Segment of the Co(OAc)_{2}(H_{2}O) chain, illustrating two modes for bridging carboxylate ligands.

For simple carboxylates, the acetate complexes are illustrative. Most transition metal acetates are mixed ligand complexes. One common example is hydrated nickel acetate, Ni(O_{2}CCH_{3})_{2}(H_{2}O)_{4}, which features intramolecular hydrogen-bonding between the uncoordinated oxygens and the protons of aquo ligands. Stoichiometrically simple complexes are often multimetallic. One family are the basic metal acetates, of the stoichiometry [M_{3}O(OAc)_{6}(H_{2}O)_{3}]^{n+}.

===Homoleptic complexes===
Homoleptic carboxylate complexes are usually coordination polymers. But exceptions exist.

- A molecular monocarboxylate is silver acetate, Ag_{2}(OAc)_{2}.
- Molecular diacetates are more common. Several diacetates adopt the Chinese lantern structure. Well studied examples include the dimetal tetraacetates (M_{2}(OAc)_{4}) including rhodium(II) acetate, copper(II) acetate, molybdenum(II) acetate, and chromium(II) acetate. Platinum diacetate and palladium diacetate feature Pt_{4} and Pd_{3} cores, further illustrating the tendency of acetate ligands to stabilize multimetallic structures.
- Mononuclear tricarboxylates include derivatives of 1-adamantanecarboxylic acid, which have the formula [M(O_{2}CC_{10}H_{11})_{3}]^{−} (M = Co, Ni, Zn). The carboxylates are bidentate.

==Synthesis==
Many methods allow the synthesis of metal carboxylates. From preformed carboxylic acid, the following routes have been demonstrated:
acid-base reactions: L_{n}MOR′ + RCO2H -> L_{n}MO2CR + R′OH
protonolysis: L_{n}M(alkyl) + RCO2H -> L_{n}MO2CR + alkane
oxidative addition: L_{n}M + RCO2H -> L_{n}(H)MO2CR

From preformed carboxylate, salt metathesis reactions are common:
L_{n}MCl + RCO2Na -> L_{n}MO2CR + NaCl

Some metal oxides react with acetic anhydride to give carboxylates, Examples include chromyl acetate (CrO2(O2CCH3)2) and vanadyl acetate (VO(O2CCH3)2).

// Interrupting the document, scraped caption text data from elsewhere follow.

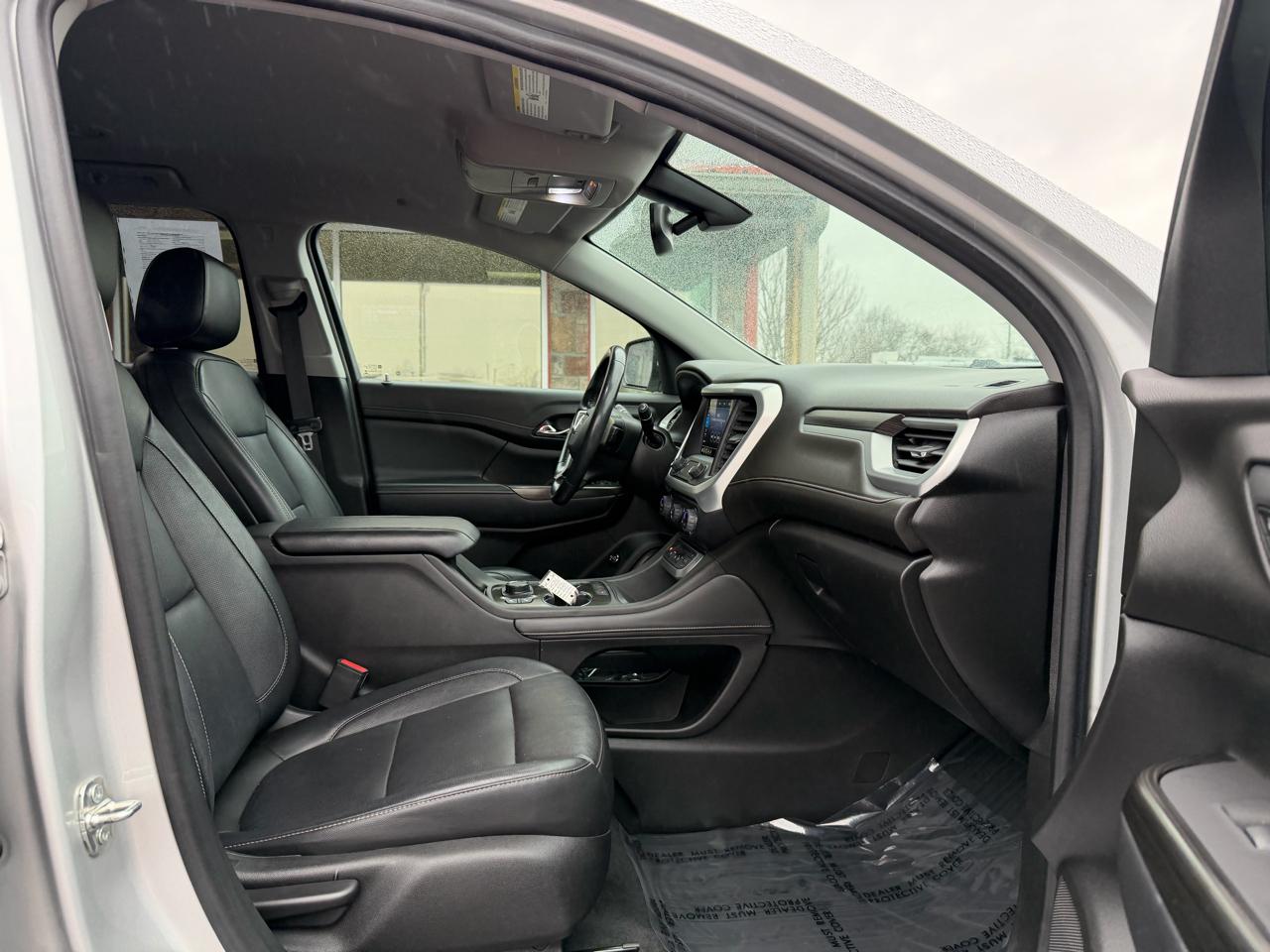 GMC Acadia FWD 4dr SLT 2020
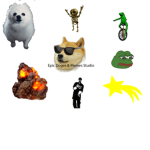 Epic Doges & Memes Studio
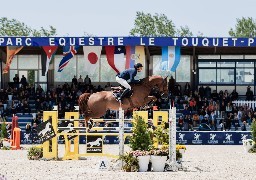 Jeudi au Touquet, à 16h, un spectacle équestre se déroulera en pleine ville !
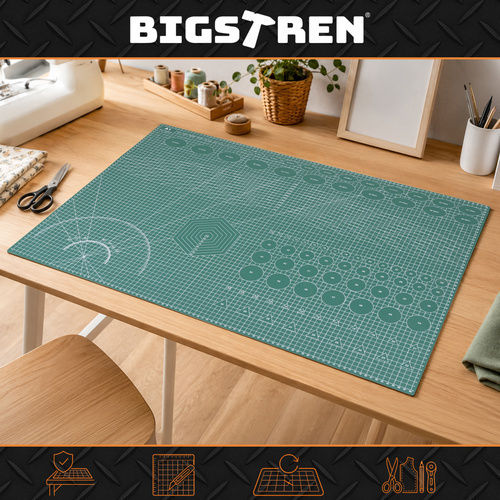 Bigstren 19344 Instrument De Mână Cu Mâner Din Plastic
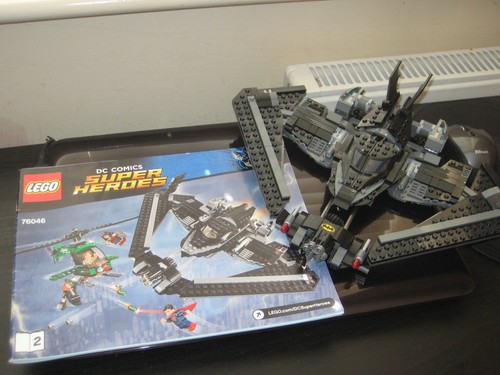 Lego set 70646 super heroes - set,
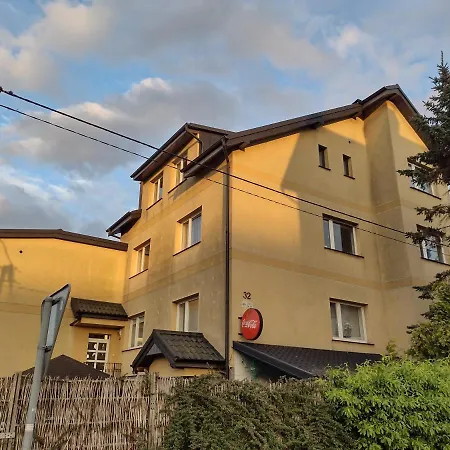 Гостевой дом Krystyna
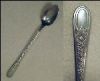 WALLACE SILVER Silverplate Ice Tea Beverage Spoon FORTUNE SILVER PLATE (c. 1932) A1613
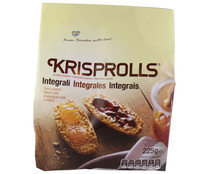 Panecillos suecos integrales KRISPROLLS 225 gr.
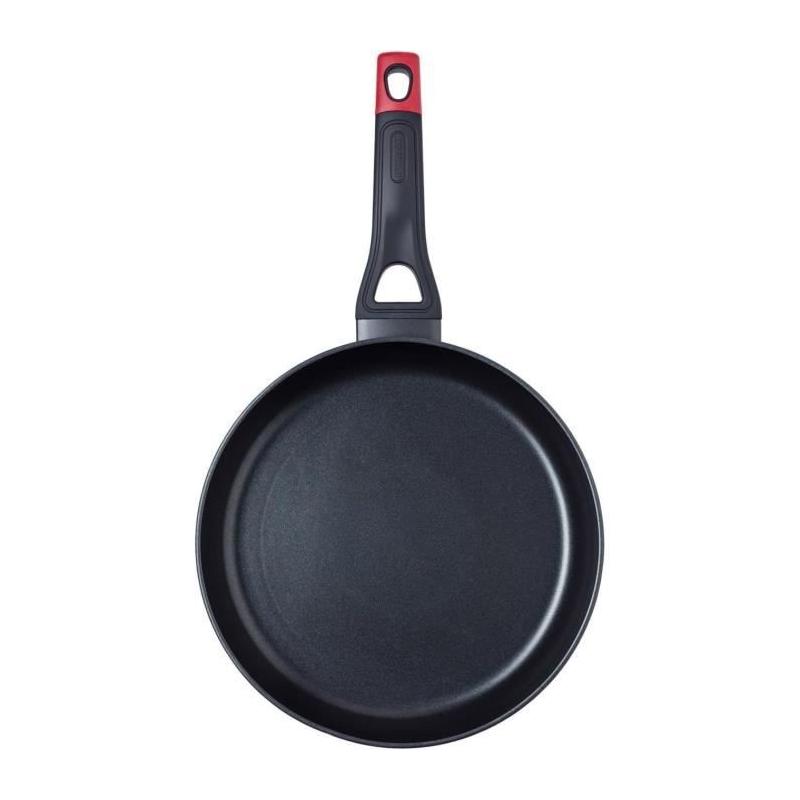 Poêle Pyrex 30 cm en aluminium forgé antiadhésif - Sans PFAS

Metal carboxylates can be prepared by carboxylation of highly basic metal alkyls:
L_{n}MR + CO2 -> L_{n}MO2CR

==Reactions==
A common reaction of metal carboxylates is their displacement by more basic ligands. Acetate is a common leaving group. They are especially prone to protonolysis, which is widely used to introduce ligands, displacing the carboxylic acid. In this way octachlorodimolybdate is produced from dimolybdenum tetraacetate:
Mo2(O2CCH3)4 + 4 HCl + 4 KCl -> K4[Mo2Cl8] + 4 CH3CO2H
Acetates of electrophilic metals are proposed to function as bases in concerted metalation deprotonation reactions.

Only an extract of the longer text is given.